Top of Records to use

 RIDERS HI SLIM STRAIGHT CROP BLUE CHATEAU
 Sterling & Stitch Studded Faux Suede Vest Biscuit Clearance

Bottom of Records to use
Top of Records to use

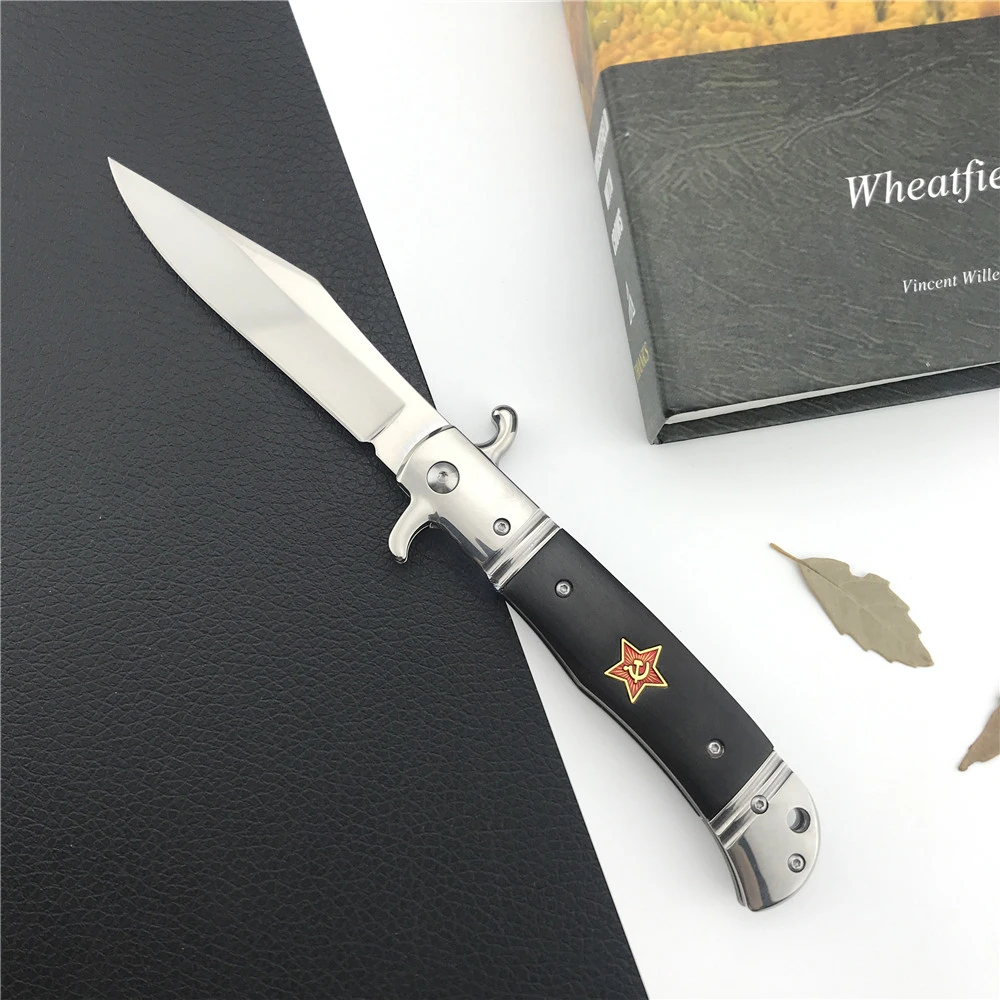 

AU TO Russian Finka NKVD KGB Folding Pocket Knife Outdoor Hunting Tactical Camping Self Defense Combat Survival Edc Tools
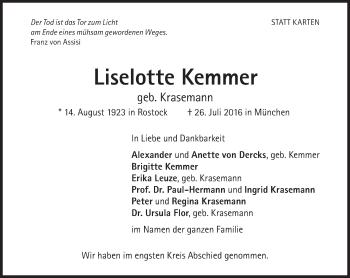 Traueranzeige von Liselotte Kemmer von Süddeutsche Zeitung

Bottom of Records to use

• The problem:
The answer is the lines above between the line holding "RIDERS HI SLIM STRAIGHT CROP BLUE CHATEAU" and the line holding "Sterling & Stitch", inclusive, each written out exactly, and no others.

• Response to this task:
 RIDERS HI SLIM STRAIGHT CROP BLUE CHATEAU
 Sterling & Stitch Studded Faux Suede Vest Biscuit Clearance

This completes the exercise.